Backers said last year's bill, endorsed by Gov. Mitch Daniels, would have saved $1.2 billion in new prison construction over seven years by easing penalties for low-level offenders like petty thieves and drug dealers who crowd state lockups. But the bill stalled after prosecutors said it was too soft on crime.

This year, with prosecutors' concerns largely eased, sheriffs are worried that an attempt to reduce crowding in state prisons could aggravate overpopulation in their jails.

"Overcrowding is a daily concern for the sheriff and … adding more inmates on top of already overcrowded jail facilities would make a recipe for future lawsuits," said Steve Luce, executive director of the Indiana Sheriffs Association.

Officials hope to send many of those low-level felons to community corrections programs such as work release, but Luce said they still could end up in jail if they violate the terms of their sentence.

Luce said low-level offenders—those convicted of class D felonies—currently account for about 15 percent of Indiana's prison population. Shipping those to county jails would add about 45 inmates to each lockup on average, he said, though in practice larger counties would likely receive more prisoners than smaller counties.

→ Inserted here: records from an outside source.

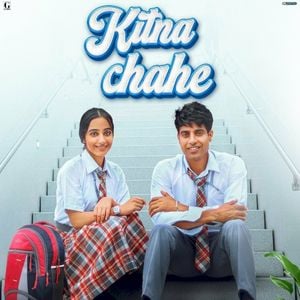 Kitna Chahe (From "Lover") (OST)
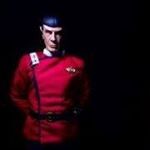 Profile Picture of Brady Rainey (@brady.rainey) on Instagram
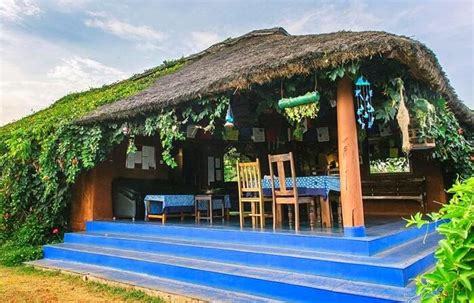 10 Best Kabini Resorts That Take You Closer To Nature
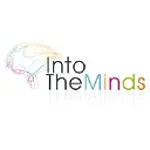 IntoTheMinds
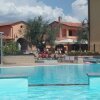 Отель Villaggio Turistico Airone, фото 15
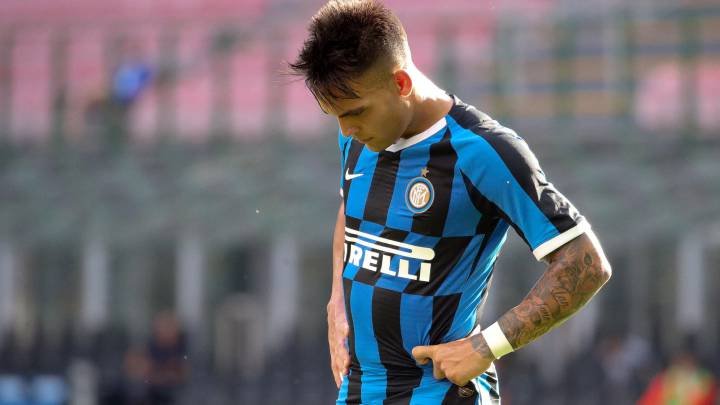Lautaro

"I think the sheriffs have a legitimate concern," said Republican Rep. Ralph Foley of Martinsville, who serves on the Criminal Code Evaluation Commission, one of two state panels involved in the sentencing overhaul.

Ohio-Dearborn County Prosecutor Aaron Negangard, who serves on the board of the Indiana Association of Prosecuting Attorneys, said prosecutors' concerns about the legislation that came out of a study by the Pew Center on the States and the Council of State Governments Justice Center had been largely eased, but prosecutors were reserving judgment until they saw the final product.

He said prosecutors' main concern was that violent criminals receive strict penalties and serve more time in prison. Last year's prison legislation was amended to have offenders serve a higher proportion of their sentences, but the bill bogged down amid debate.

"When someone can get the maximum on a rape and be out in six years, that's a problem," Negangard said.

A key legislator said overhauling state sentences is such a huge undertaking that any proposal was bound to include sections that would offend various interests.

"If people are against it, they'll just divide and conquer. There's going to be things in here they like and things they don't like," said Republican Brent Steele of Bedford, who chaired the criminal law and sentencing policy study committee.

The two panels charged with sentencing overhaul did come up with a few pieces of proposed legislation—chiefly routing more support to local community corrections programs—but decided to put off the main push of reorganizing penalties, in part because the job is so big.

"It's not going to happen in 2012," Steele said, adding the panels would keep working throughout the summer and hoped to have a package of legislation ready for 2013.

He said it took lawmakers two years to overhaul the criminal code in the 1970s, the last time they attempted it.

"It's important to the prosecutors that it be a comprehensive and complete process, from top to bottom," Negangard said.

Currently, Indiana has four levels of felonies—D, C, B and A—with escalating penalties. Officials say a group has been working on converting the four-tier system into a six-level one, which would allow more flexibility in sentencing. Officials have not determined penalties for each level.

"It's not a one-size shoe fits all. There was no latitude … there was no room to wiggle," Steele said.

The challenge facing lawmakers is to make penalties better fit the crime and ease penalties on low-level offenders without relaxing them for violent criminals. And to do that, it has to get a bill passed.

"We have a big mission. Can we make a difference? Yes. Do we have the political will to make a difference? I hope so," Foley said.